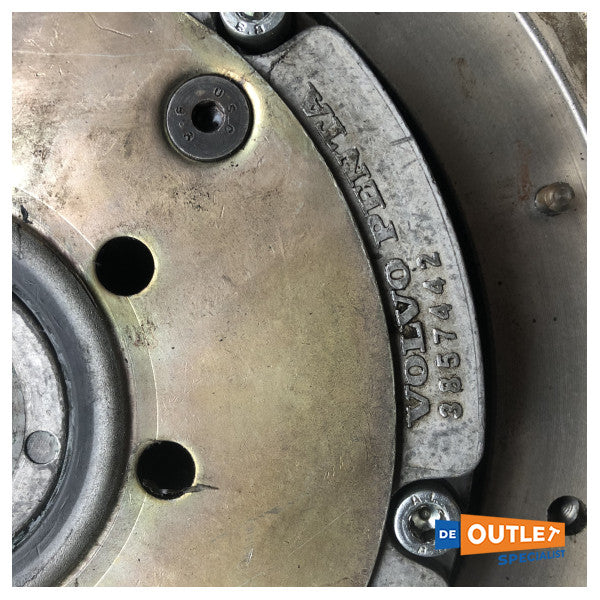 Volvo Penta TAMD31M svinghjul brugt - 3582705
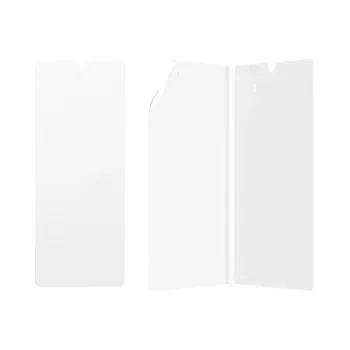 Ekrāna aizsargs PanzerGlass Samsung Galaxy Z Fold6 pret skrāpējumiem un triecieniem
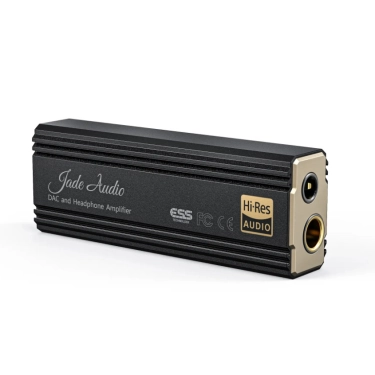 FIIO KA3 Headphone Amplifier Black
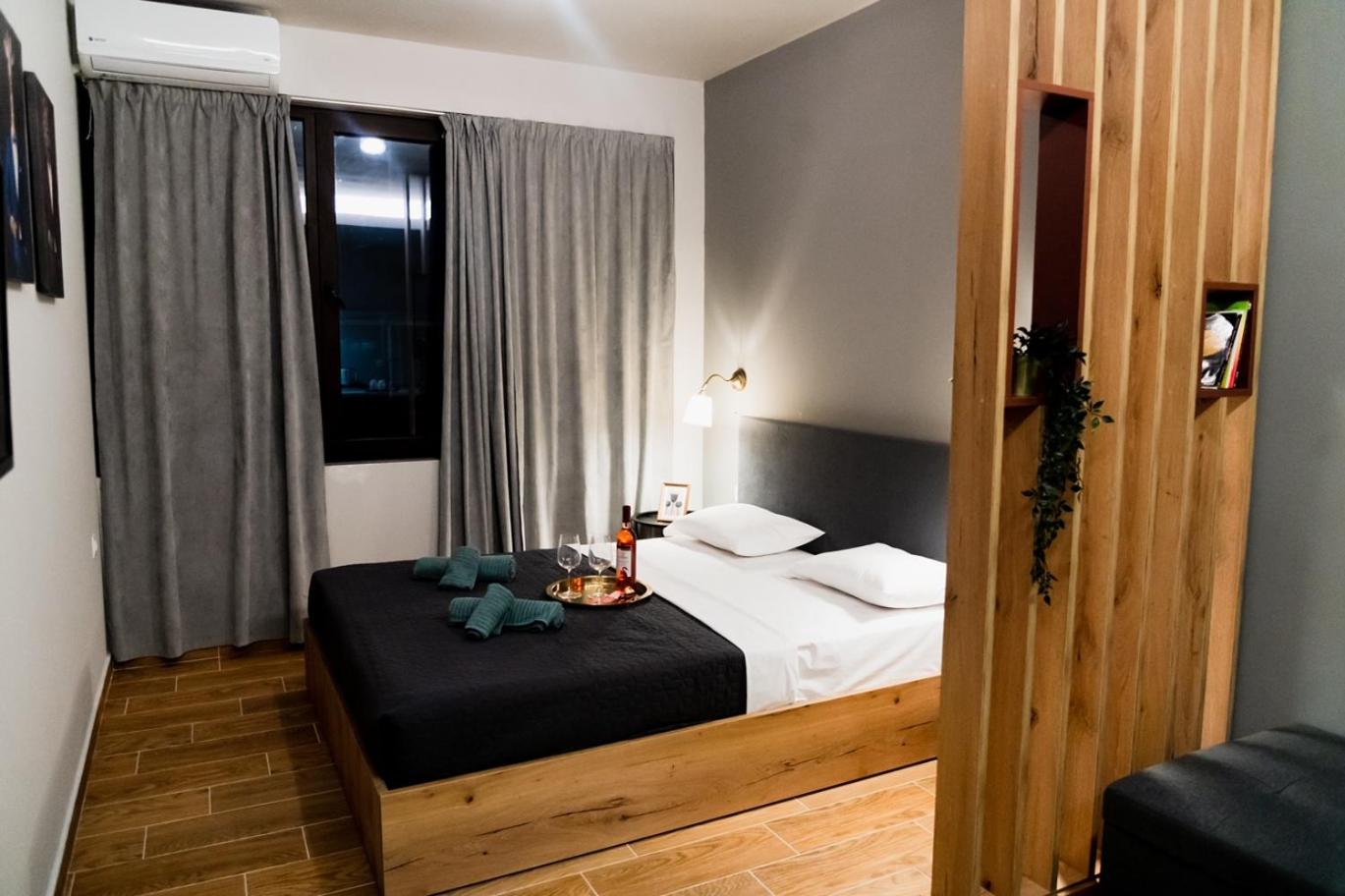 Glam Boutique Apartments - Thessaloniki Heart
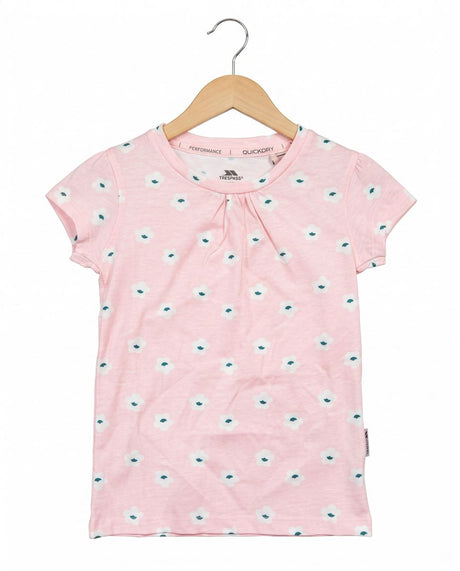 Trespass Mädchen T-Shirt PRESENT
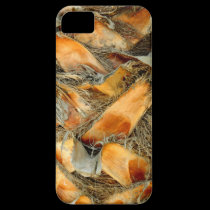 Palm tree bark natural texture casemate cases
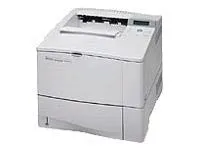 HP LaserJet 4100 Image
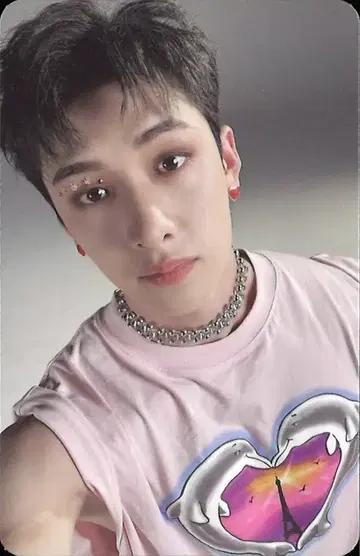 StrayKids 솔로 자켓반 BangChan MAXIDENT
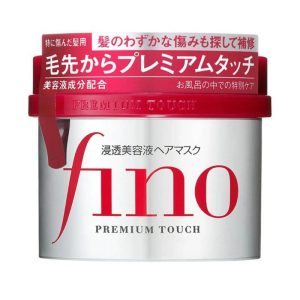 Shiseido Fino Premium Touch Hair Mask plaukų kaukė 230g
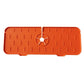 💐💧 Plateau anti-goutte en silicone pour robinet – Anti-fuite, anti-moisissure, gardez votre plan de travail et votre lavabo au sec, le petit accessoire qui protège et embellit votre cuisine ou salle de bain 🚫🦠
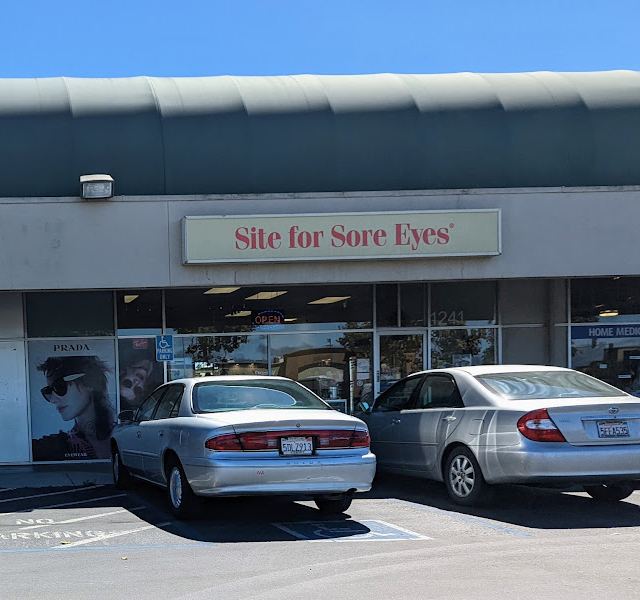 Site for Sore Eyes - Salinas photo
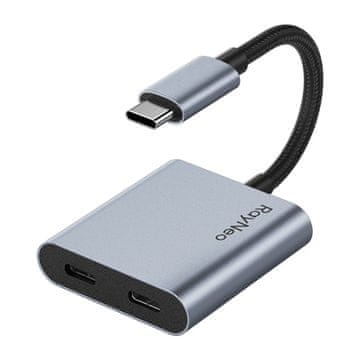 RayNeo Polnilni adapter USB-C za očala RayNeo AR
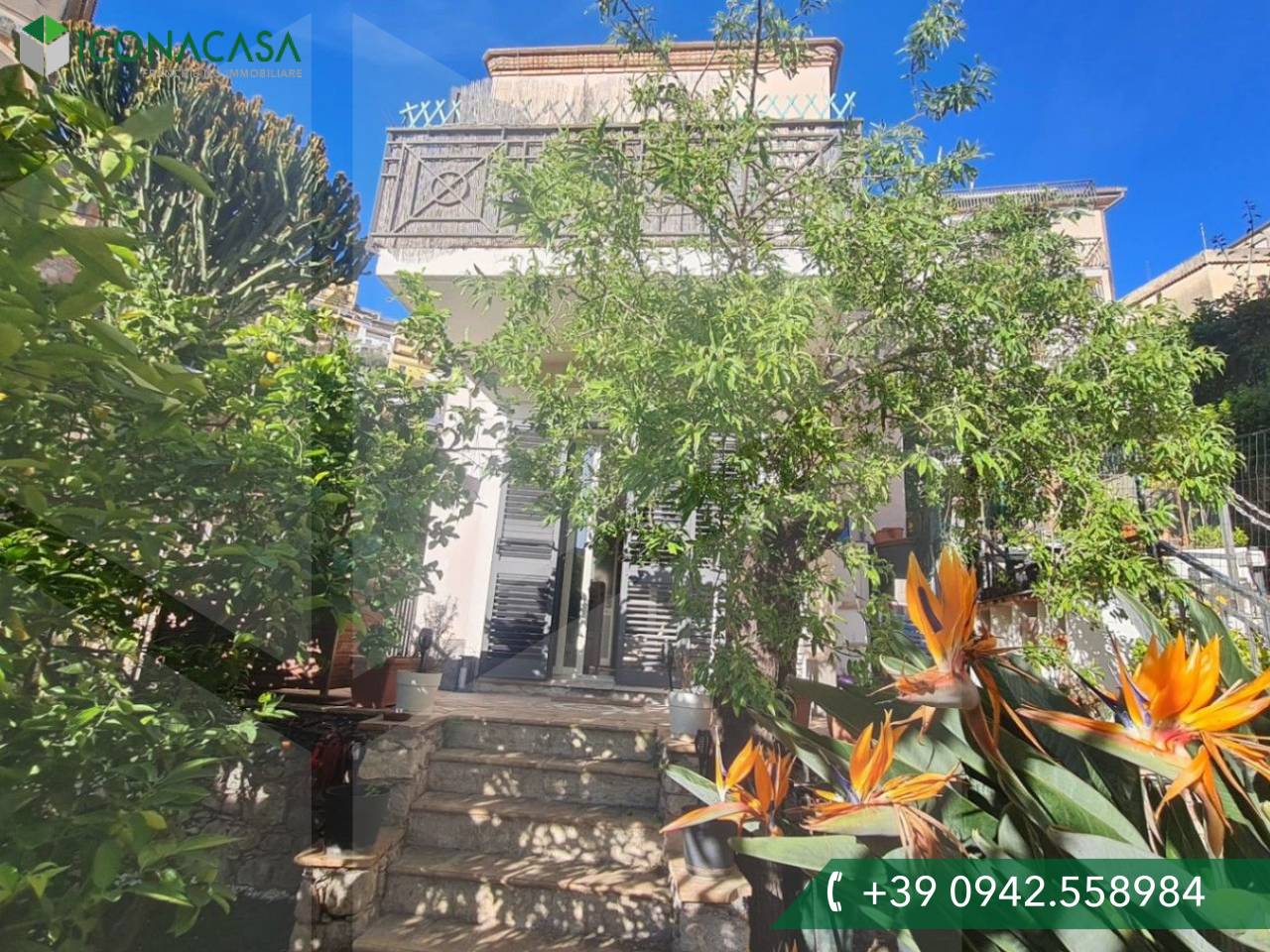 4-salle Maison à Taormina, Italy No. 22783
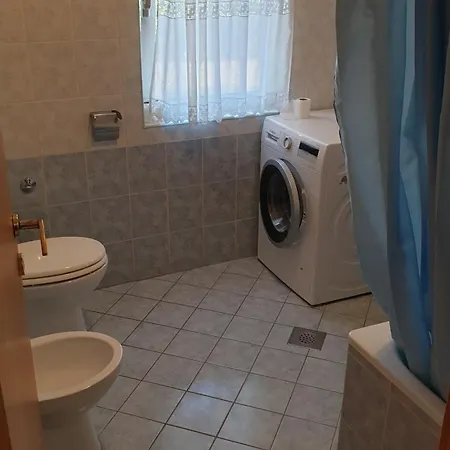 Blue Veli Vrh Apartment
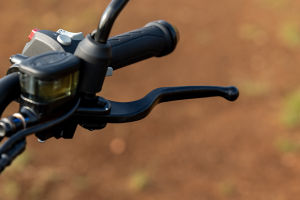 Clutch Lever of Hypevolt-R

□ □ □

* Exercise description: Please output the listing above exactly from its first line through the line with "Shiseido Fino Premium", both included, and nothing beyond that line. Omit pictures.

* Task result:
 Volvo Penta TAMD31M svinghjul brugt - 3582705
 Ekrāna aizsargs PanzerGlass Samsung Galaxy Z Fold6 pret skrāpējumiem un triecieniem
 FIIO KA3 Headphone Amplifier Black
 Glam Boutique Apartments - Thessaloniki Heart
 Trespass Mädchen T-Shirt PRESENT
 Palm tree bark natural texture casemate cases
 HP LaserJet 4100 Image
 StrayKids 솔로 자켓반 BangChan MAXIDENT
 Shiseido Fino Premium Touch Hair Mask plaukų kaukė 230g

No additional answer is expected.